Jakarta (ANTARA News) - Jumlah pengangguran usia muda secara global yang meningkat selama beberapa tahun terakhir menimbulkan kekhawatiran sehingga menjadi salah satu bahasan utama Konferensi Tingkat Menteri Tenaga Kerja Organisasi Konferensi Islam (OKI) ke-3 di Jakarta, 28-30 Oktober 2015.

"Meningkatnya angka pengangguran pemuda secara global dan juga di kawasan negara anggota OKI telah menjadi perhatian bersama," kata Menteri Ketenagakerjaan M Hanif Dhakiri dalam sambutannya pada pembukaan Konferensi tersebut di Jakarta, Kamis.

Hanif memaparkan saat ini ada peningkatan jumlah pengangguran muda secara global yang pada 2014 telah mencapai angka 73,7 juta orang.

Kondisi itu juga dialami negara-negara anggota OKI pada umumnya dimana pertumbuhan populasi cenderung meningkat dengan proporsi usia muda (15-24 tahun) yang lebih tinggi dibandingkan dengan kelompok usia 25 tahun ke atas.

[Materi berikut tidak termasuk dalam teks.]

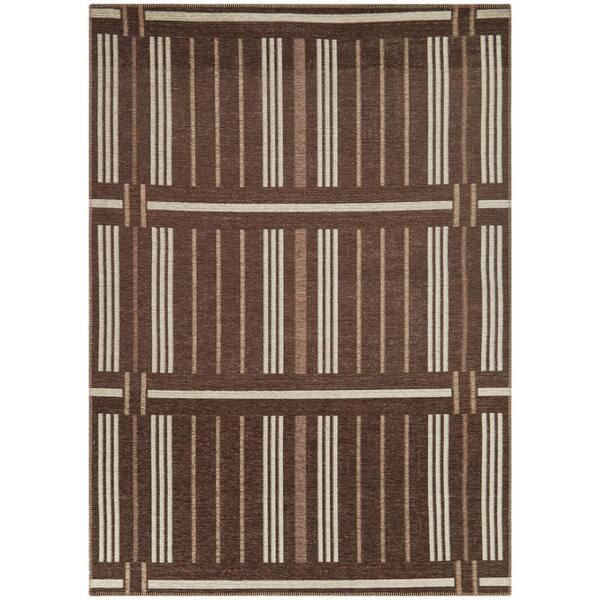 BALTA Carmelle Copper 8 ft. x 10 ft. Striped Area Rug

Sementara itu, sebagai negara dengan penduduk Islam terbesar di dunia, Indonesia memiliki peran yang cukup strategis dalam berkontribusi untuk memajukan kerjasama OKI di bidang ketenagakerjaan.

Bertolak dari kondisi tersebut, maka kerja sama di bidang ketenagakerjaan di antara negara anggota OKI disebut Hanif harus ditujukan untuk kemajuan tenaga kerja muda.

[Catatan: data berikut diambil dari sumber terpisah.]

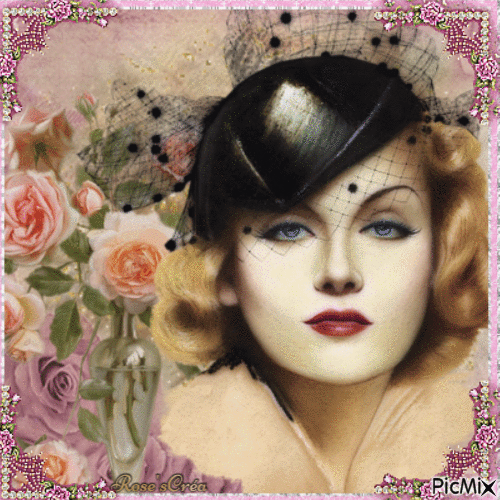 Concours :  Vintage avec des roses - Gratis animerad GIF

Pada 2020-2030, Indonesia juga diprediksi akan mendapat Bonus Demografi dimana jumlah proporsi penduduk usia produktif akan meningkat dan diperkirakan mencapai 180 juta sementara usia nonproduktif hanya 60 juta.

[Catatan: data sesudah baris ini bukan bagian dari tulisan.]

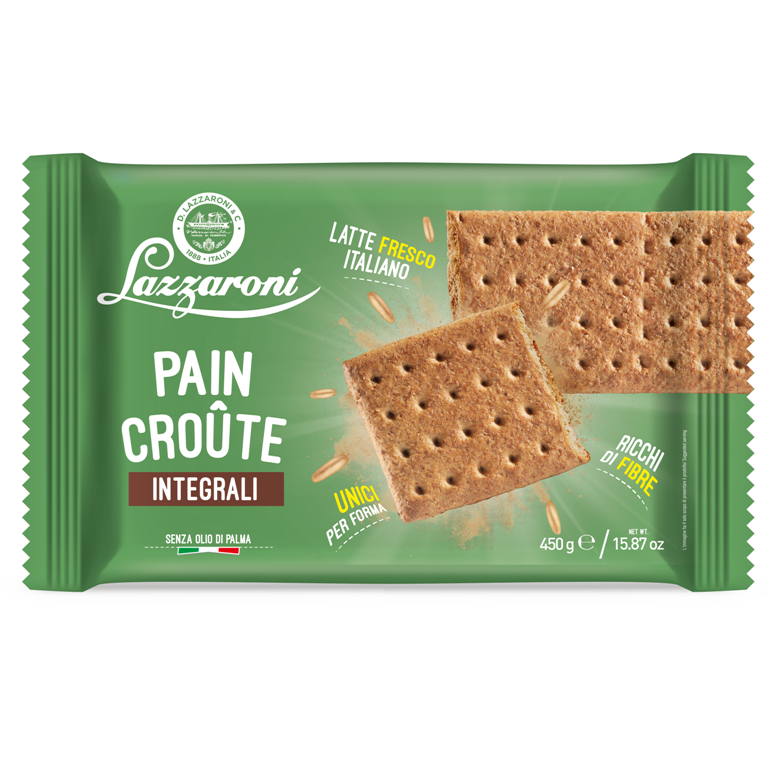 Pain Croute Integrali - Gr. 450 - Lazzaroni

Sementara itu, dalam sambutannnya, Wakil Presiden RI Jusuf Kalla mengatakan pertemuan OKI dibidang ketenagakerjaan yang diselenggarakan tahun ini sangatlah tepat dan sejalan dengan kondisi ekonomi global yang sedang mengalami perlambatan.

"Pertemuan OKI di bidang ketenagakerjaan mempunyai arti yang penting dalam mendorong perbaikan ekonomi global yang berimbas pada menurunnya kesempatan kerja di berbagai belahan dunia,"kata Wapres yang membuka acara tersebut secara resmi.

Wapres menyatakan penyediaan lapangan kerja merupakan hal penting sebagai indikator kemajuan dan diperlukan kerja sama ekonomi sosial dan menjaga perdamaian antar negara OKI untuk mewujudkan perekonomian yang baik.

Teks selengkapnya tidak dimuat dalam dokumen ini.